Re: Bug report: using HTTP::Request::Common to send a POST request to a CGI.pm-based script
Lincoln Stein (lstein@cshl.org)
Mon, 21 Jun 1999 07:36:32 -0400 (EDT)
The CGI/1.1 draft recommends using the semicolon instead of the
ampersand as a delimiter, and in fact an HTML validator located at the
W3C complains at the ampersand. After multiple (about 50) requests to
support the semicolon character, I added that to CGI.pm. I'm sorry if
this broke HTTP::Request::Common.
Lincoln
Gisle Aas writes:
> "Schwartz, Todd" <todd.schwartz@intel.com> writes:
>
> > CGI module version: 2.46
> > LWP version: 5.42
> > URI::URL version: 5.01
> >
> > Problem description: I am using HTTP::Request::Common to build a POST
> > request with name/value pairs. One of the value strings is a text block
> > that contains, among other things, a semicolon. When the request is sent to
> > a CGI.pm-based script, the value string containing the semicolon is
> > truncated at the position of the semicolon. I have attached two short
> > scripts that duplicate this problem (see below).
> >
> > The cause: CGI treats the semicolon as a name/value pair delimiter (see
> > parse_params in CGI), but when the request is built, a semicolon appearing
> > in one of the value fields does not get escaped (see query_form in package
> > URI::_query). In my opinion, RFC 2396 requires semicolon characters
> > appearing in message content - including URI-encoded name/value pairs -- to
> > be escaped.
>
> I guess you say this based on the fact that ";" is a "reserved"
> character, but as I read RFC 2396 it does not nessesary mean that it
> have to be escaped inside the http query components. Quote:
>
> Characters in the "reserved" set are not reserved in all contexts.
> The set of characters actually reserved within any given URI
> component is defined by that component. In general, a character is
> reserved if the semantics of the URI changes if the character is
> replaced with its escaped US-ASCII encoding.
>
> I have never seen anything looking like an official specification on
> how an 'application/x-www-form-urlencoded' string is to be encoded.
> Does anybody have a reference to something?
>
> Some experience with my current Netscape seems to indicate that it
> will encode /[^\w.*-]/. I will not object to change URI.pm if people
> rely on this fact.
>
> Regards,
> Gisle
>
>
> > I am not sure whether the semicolon is really a valid
> > name/value pair delimiter - this is why I included Lincoln in this posting.
> >
> > This problem does not occur with CGI version 2.42 - only the ampersand is
> > used as a separator.
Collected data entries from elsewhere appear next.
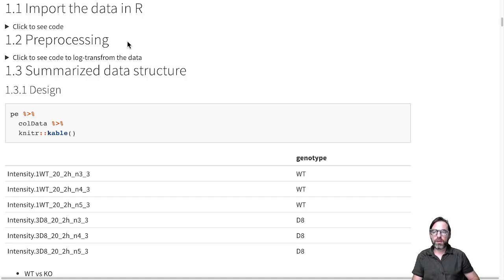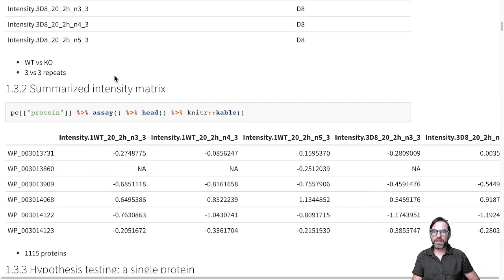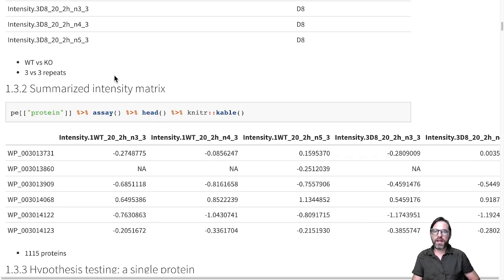We will now explore the summarized data and I will first look at the assay data, at the data of the protein expression values that we have obtained after summarization.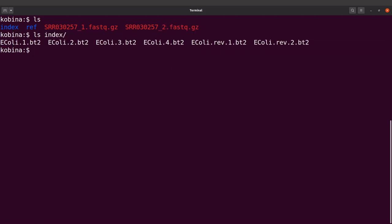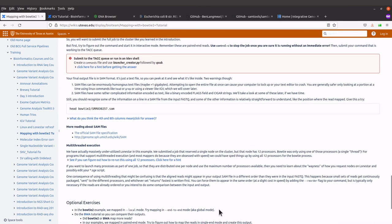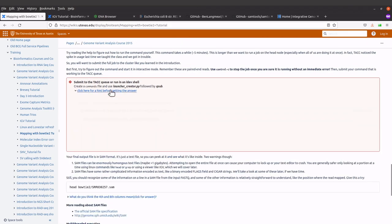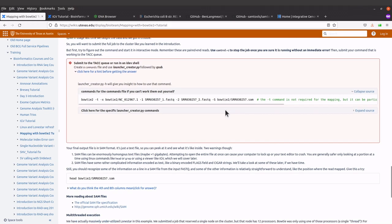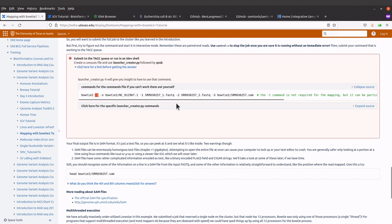Now we're going to perform the mapping. Let's check the command used for genome mapping from the tutorial page. The command calls bowtie2, then specifies the index, then -1 and -2 for the paired reads, and also the output file. The -t flag we're not going to use in this tutorial — we don't need it. Let's go back to the terminal and continue with the exercise.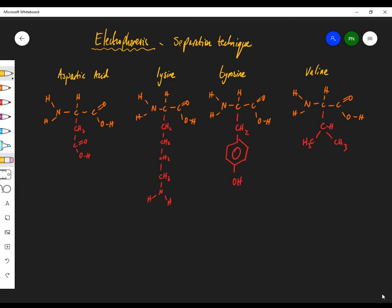Welcome to this video on electrophoresis. Electrophoresis is essentially a separation technique for amino acids, peptides, and fragments of peptides.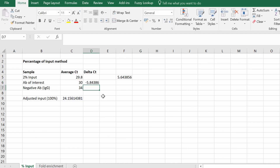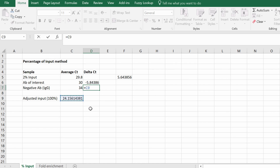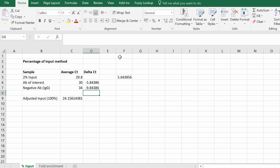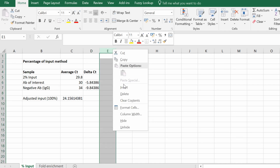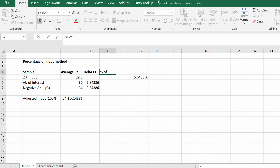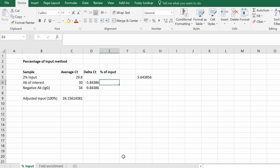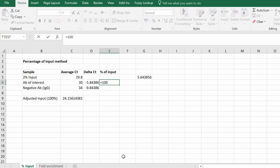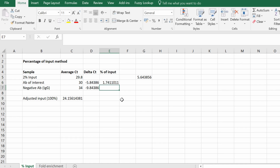Repeat this for any other samples you have. For the negative antibody sample, type equals the adjusted 100% input CT value minus the negative antibody CT value. Finally, we calculate the percentage of input. Insert another column called 'percentage of input'. The formula is: equals 100 multiplied by 2 to the power of the delta CT for that sample. Press return and repeat for all your samples.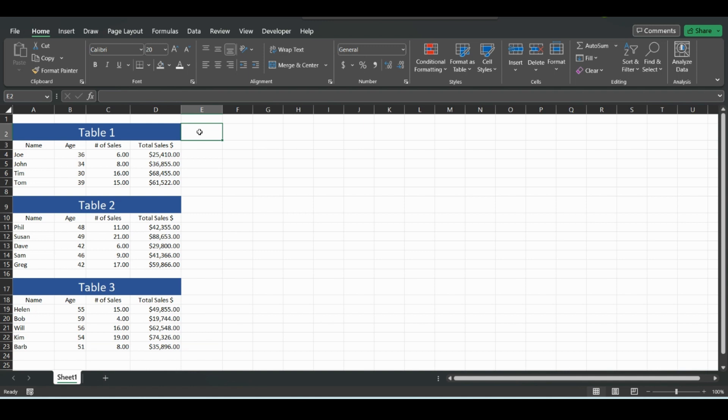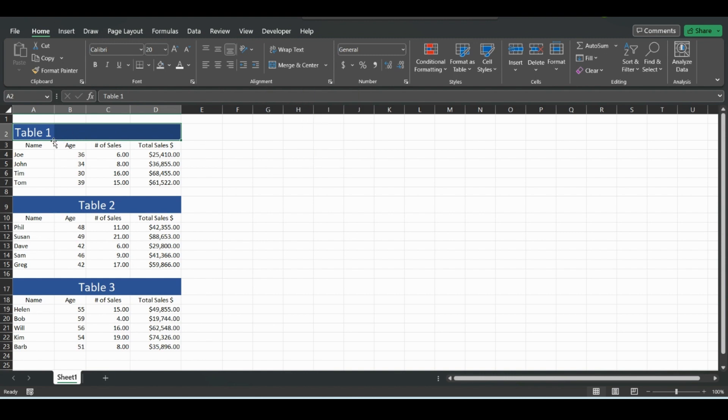Welcome back to another video. Today we're going to go over a quick tip in Excel that has to do with merging and centering cells. You can merge and center by highlighting an area and clicking merge and center in the alignment tab, but the problem with merging and centering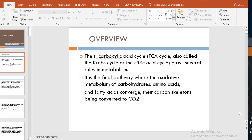These are the intermediates of the TCA cycle. Fat enters via propionyl-CoA → methylmalonyl-CoA → succinyl-CoA. From proteins, glutamate converts to alpha-ketoglutarate, and aspartate converts to oxaloacetate.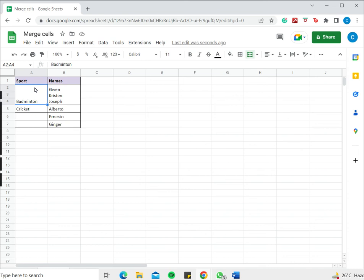So this is how to merge cells in Google Sheets without losing data. Please read the appended article for further guidance.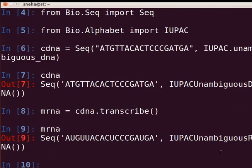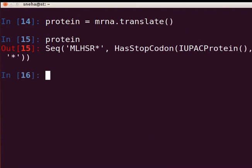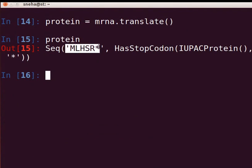Next, to translate this mRNA to the corresponding protein sequence, use the translate method. Type 'protein = mRNA.translate()' and press Enter. The translate method translates the RNA or DNA sequence using the standard genetic code if unspecified. The output shows an amino acid sequence and information regarding stop codons. Observe the asterisk at the end of the protein sequence — it indicates the stop codon.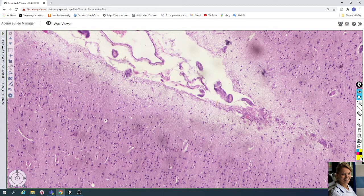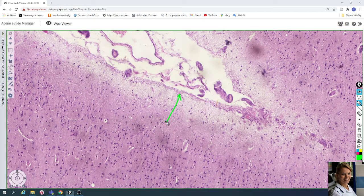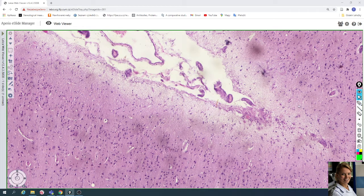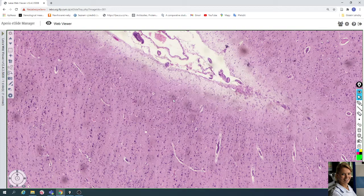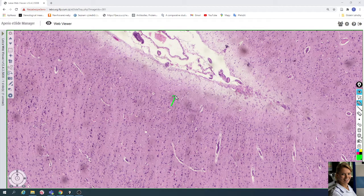The first layer is called the molecular layer — it is a very cell-poor layer of gray matter. This is the first molecular layer. The second layer under the molecular layer is the external granular layer, with predominantly small granular cells, small pyramidal cells, and glial cells.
I have not tried this with LWP 5.43, but I don't see
> > anything in the code that would change this behavior.
> >
> > Thanks,
> > Todd
> >
> > #!C:/Perl/bin/perl.exe
> > # This is the request script
> > use HTTP::Request::Common;
> > use LWP::UserAgent;
> > $ua = new LWP::UserAgent;
> > $cgi_uri = "http://localhost/cgi-bin/testcgi.pl";
> > $response = $ua->request(POST $cgi_uri, [TEXT=>"This is one clause; this is
> > another."]);
> > print $response->as_string;
> >
> > #!C:/Perl/bin/perl.exe
> > # This is the CGI script (testcgi.pl)
> > use CGI qw/:all/;
> > $query = new CGI;
> > $text = $query->param('TEXT');
> > print header('text/text');
> > print "TEXT=$text\n";
> >
> > Expected output: TEXT=This is one clause; this is another.
> > Actual output: TEXT=This is one clause
--
========================================================================
Lincoln D. Stein Cold Spring Harbor Laboratory
lstein@cshl.org Cold Spring Harbor, NY
========================================================================